Try it: Please repeat exactly the lines from the one containing "Phân biệt onitsuka" to the end of the entries below, both included, and omit all pictures.

Listed records:
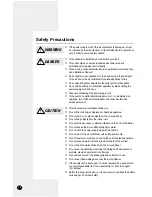 Preview for 2 page of Samsung AQ07P8GE Owner'S Instructions Manual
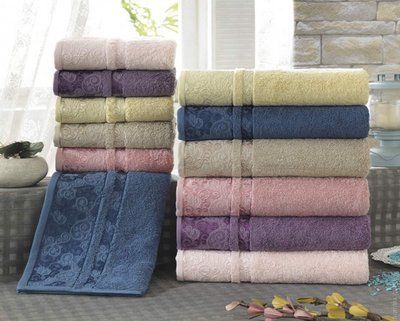 Набор полотенец Sikel Cotton Hazal 30х50 см 6 шт. 130516 фото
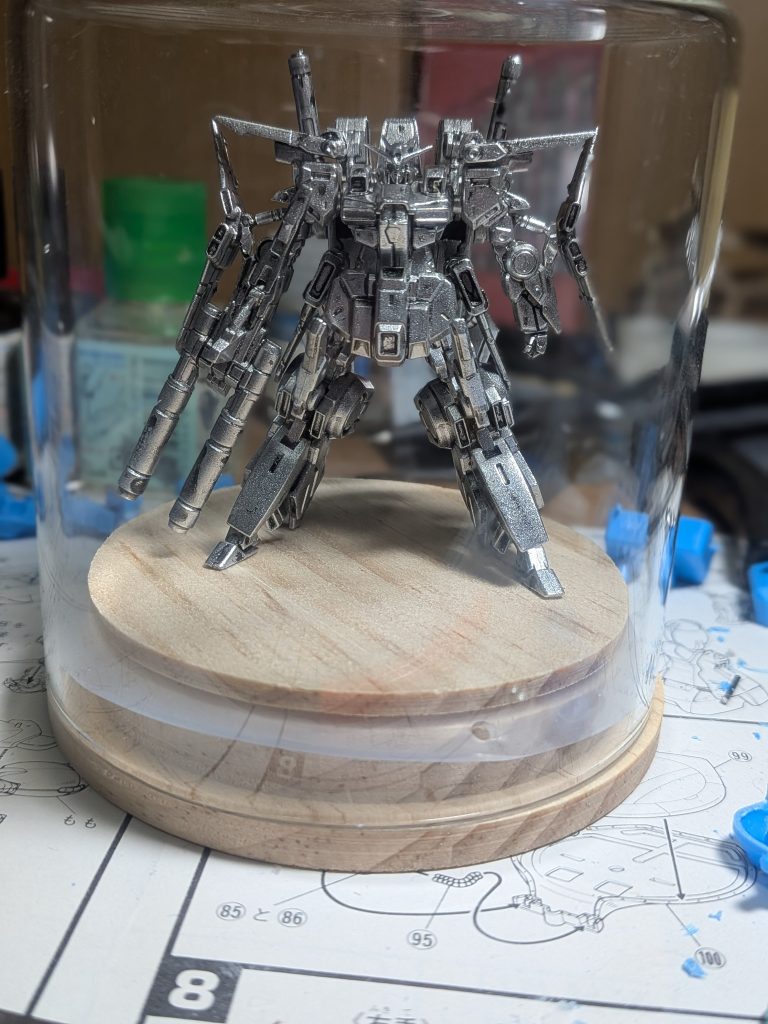 アーティファクト　ZZガンダム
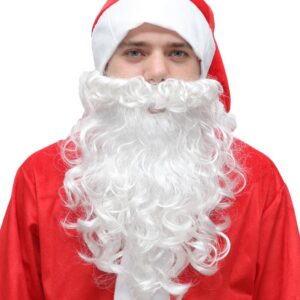 Barba Babbo Natale  Accessorio Di Carnevale
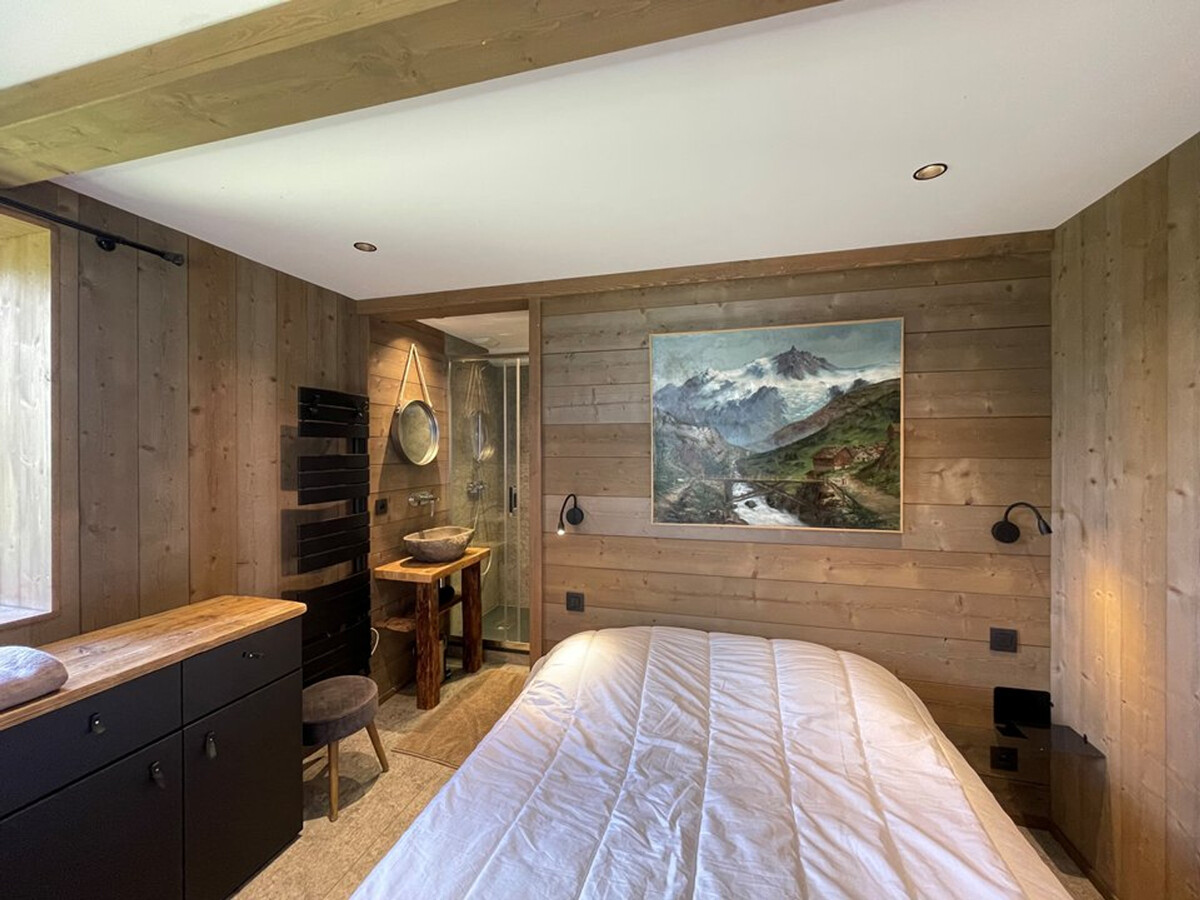 Appartement 6 pers, 3 ch, skiroom - Centre Crest-Voland - Photo 2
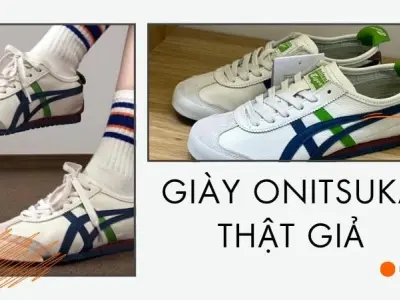 Phân biệt onitsuka thật giả - Hướng dẫn chi tiết để tránh mất tiền oan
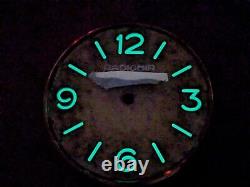 1950's Vintage 3646 Radiomir RP patina aged Homage wristwatch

Output:
 Phân biệt onitsuka thật giả - Hướng dẫn chi tiết để tránh mất tiền oan
 1950's Vintage 3646 Radiomir RP patina aged Homage wristwatch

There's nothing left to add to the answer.